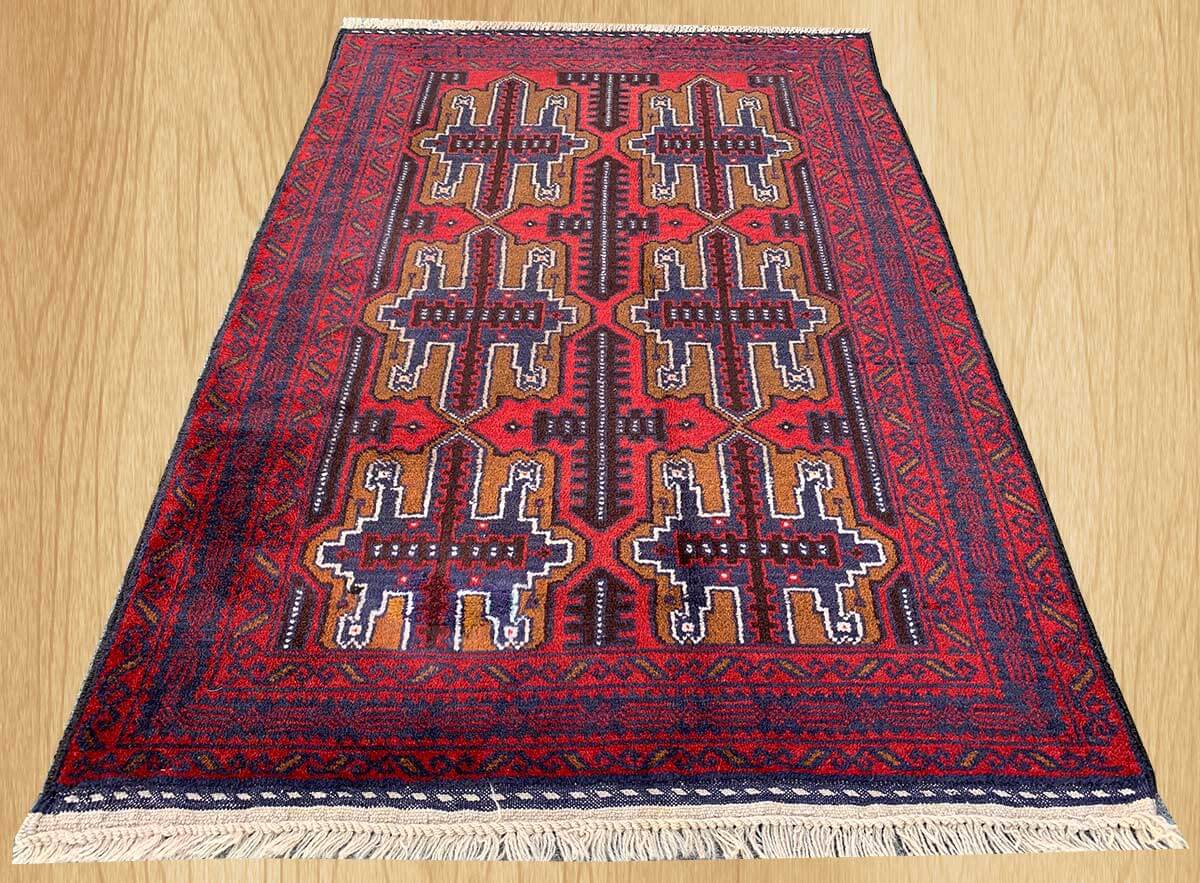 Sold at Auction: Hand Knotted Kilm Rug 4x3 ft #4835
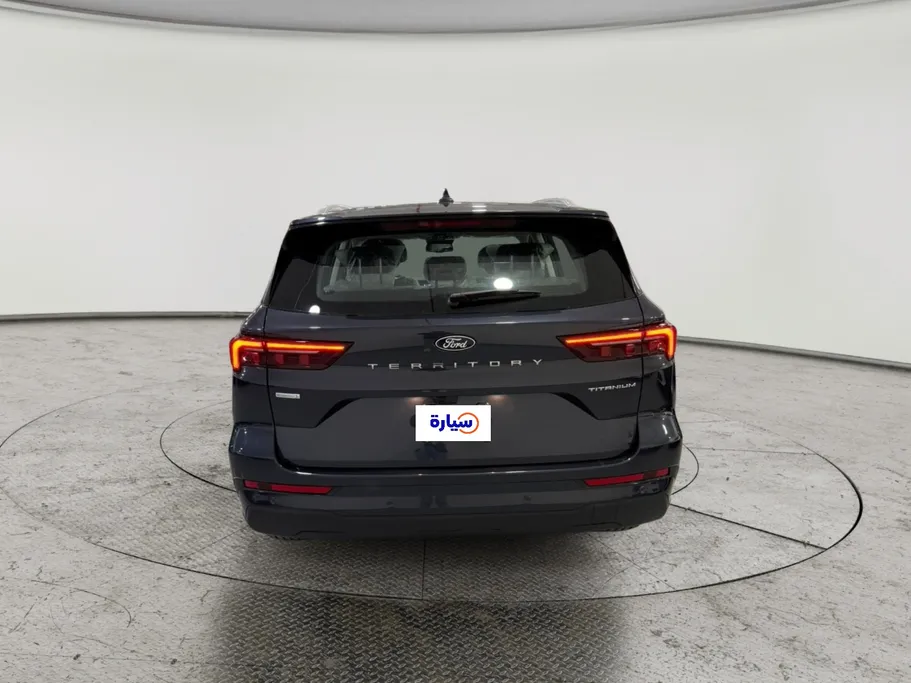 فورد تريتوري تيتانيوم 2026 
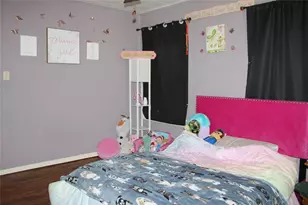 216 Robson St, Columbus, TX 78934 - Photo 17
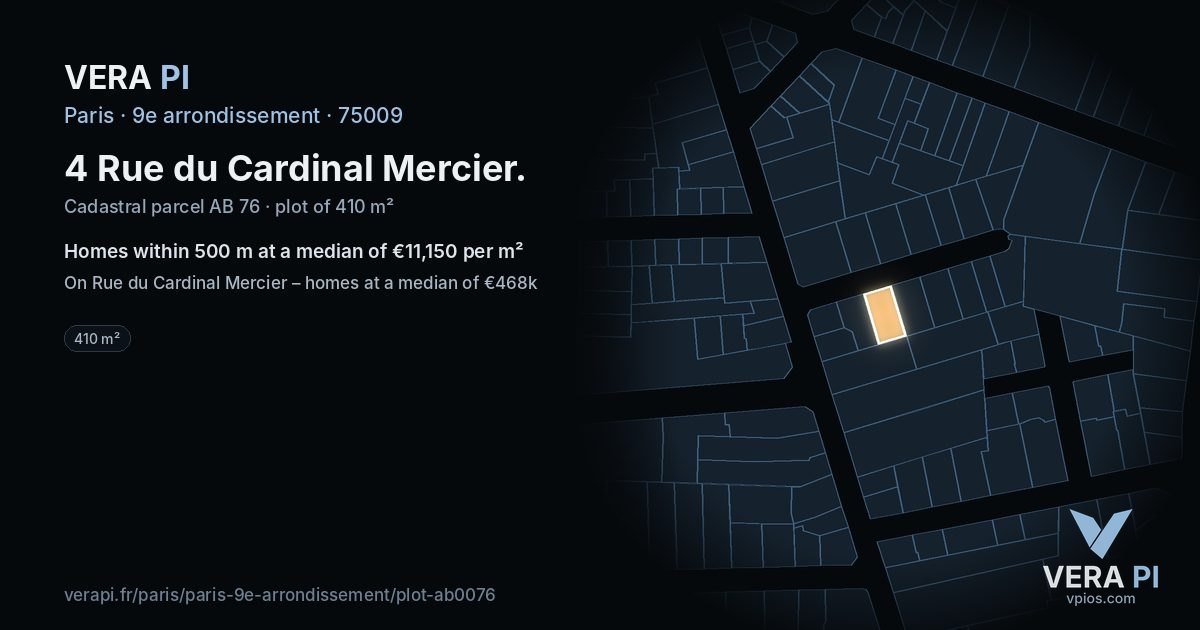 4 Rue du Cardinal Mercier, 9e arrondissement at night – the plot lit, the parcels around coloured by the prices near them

##########

Work instructions:
Please output the data above exactly as given, omitting every picture.

Problem solution:
 Sold at Auction: Hand Knotted Kilm Rug 4x3 ft #4835
 فورد تريتوري تيتانيوم 2026 
 216 Robson St, Columbus, TX 78934 - Photo 17
 4 Rue du Cardinal Mercier, 9e arrondissement at night – the plot lit, the parcels around coloured by the prices near them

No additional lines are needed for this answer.